Wetlands and Influence in Florida

Florida has lost nearly 1/2 of its wetlands.
Click for photo credit.
One of the new advances in wetland mitigation in Florida is something called wetlands banking.  Florida has approximately 11.4 million acres of wetlands.  But over the last few centuries, Florida lost nearly half its wetlands to development.  Research that I conducted with my students in the past in various developed areas of the Tampa Bay area show incredible wetlands loss through infilling during the development process.  Losses in other parts of the state came as a result of agricultural development or mining.

Now there are laws to prevent widespread destruction of wetlands without some form of mitigation.  There are a number of mitigation options available.  For example, if you destroy one wetland, you could build a larger wetland of the same type somewhere else.  This has been controversial because the creation of the wetland comes at the loss of upland habitat.  Plus, many wetlands are difficult to construct.  When one considers that wetlands are ecosystems that evolved over centuries, the idea of constructing a mature ecosystem that includes the development of unique water, soil, plant, and animal assemblages becomes daunting.  While there have been some successes in wetland construction, there are also examples of failure.

Thus, one relatively new management strategy is wetlands banking.  Banking requires the preservation of wetlands property in perpetuity in exchange for the destruction of wetlands.  The banking requirement size is larger than the size of the loss of wetlands.

There is big money in wetlands banking and 10 wetland credits can sell for a million dollars.  There are many investors who have moved into wetlands banking as a lucrative business.

Given the money involved, there are organizations that try to game the system.
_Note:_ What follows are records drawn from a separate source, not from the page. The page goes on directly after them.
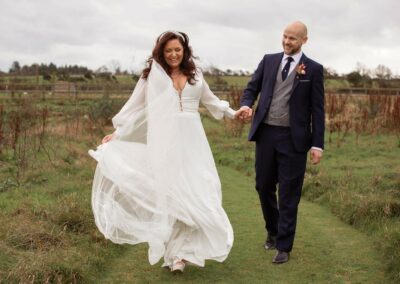 bride and groom walking hand in hand ina field with the wind blowing at her dress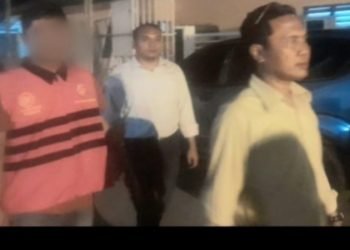 Tersangka AN saat disamping Kajari Padangsidimpuan menuju mobil tahanan di Kantor Kejari Padangsidimpuan, Senin malam (1/7/2024).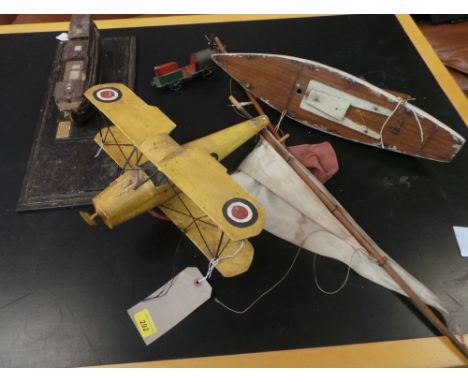 A collection of model boats and a tin plate biplane and an early tinplate train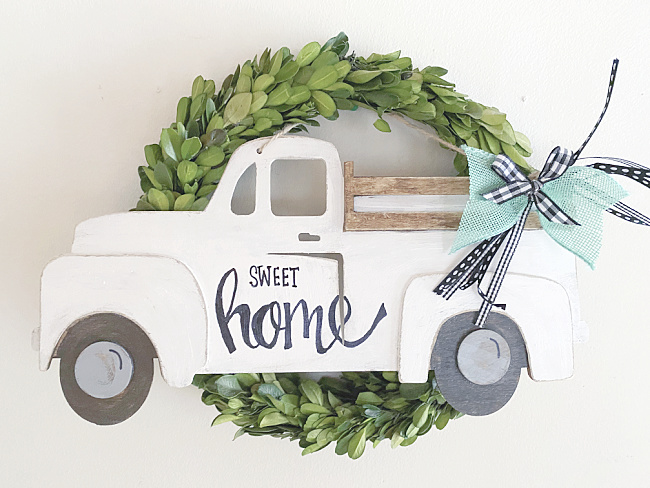 green boxwood wreath with truck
Check out this article from the Tampa Bay Times about the state's top wetlands regulator who was suspended for refusing to permit a wetlands bank project.  Using standard techniques, she permitted a wetlands bank developer for a smaller amount of wetlands than the developer hoped for.  She was suspended for refusing to issue the permit and the permit was granted by managers above her.  In addition, the managers waived a state requirement that compelled the company to show that they had the funds to build and manage the wetlands bank.
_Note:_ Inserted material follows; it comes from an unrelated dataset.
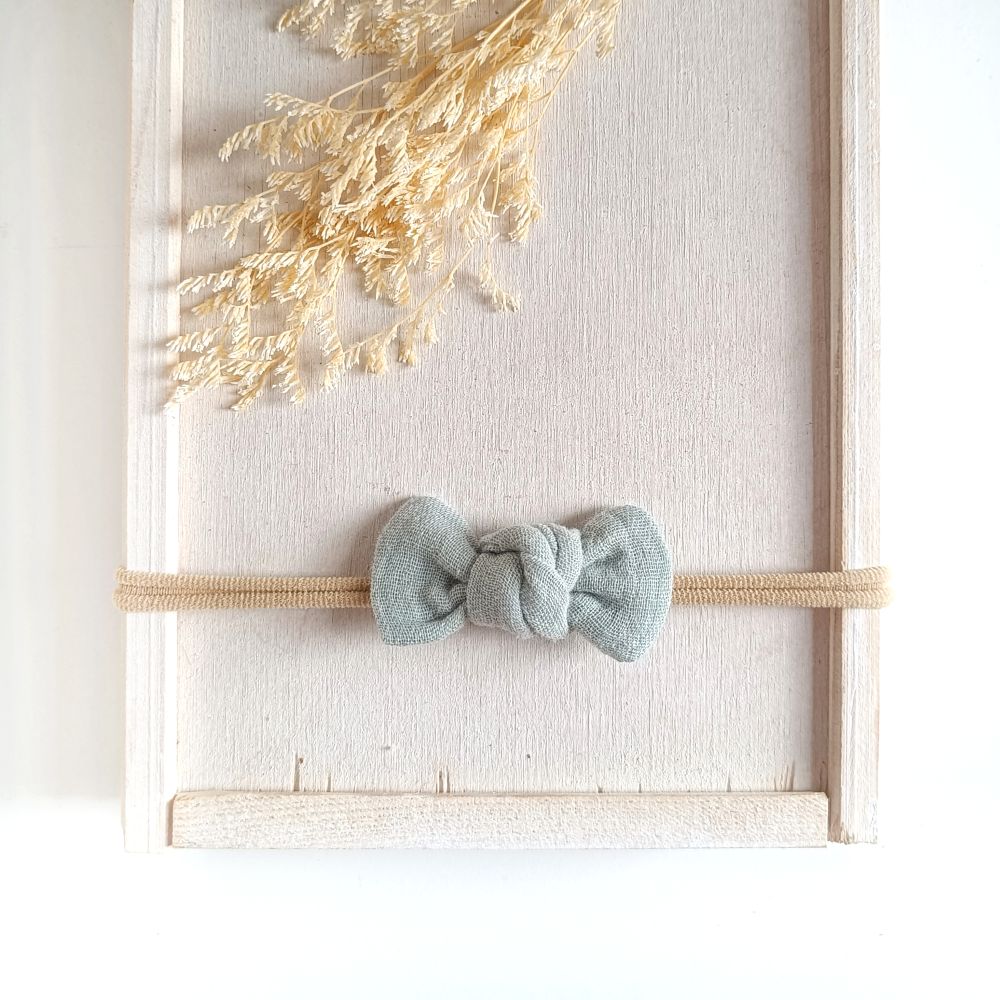 Baby mit kleiner Haarschleife in mint aus Musselin an einem elastischen Haarband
To many watching this, the deal smelled of political influence and corruption taking precedence over science and established policy.  The company even tried to get the state legislature to change the rules just for this project.  A judge recently sided with the suspended wetlands regulator and required the investors to follow the established rules.  The judge ruled that the company can develop the wetlands bank with the 280 credits the regulator allowed.  This is worth approximately $280,000,000.  They were trying to get credit for 425 credits which would have been worth approximately $425,000,000.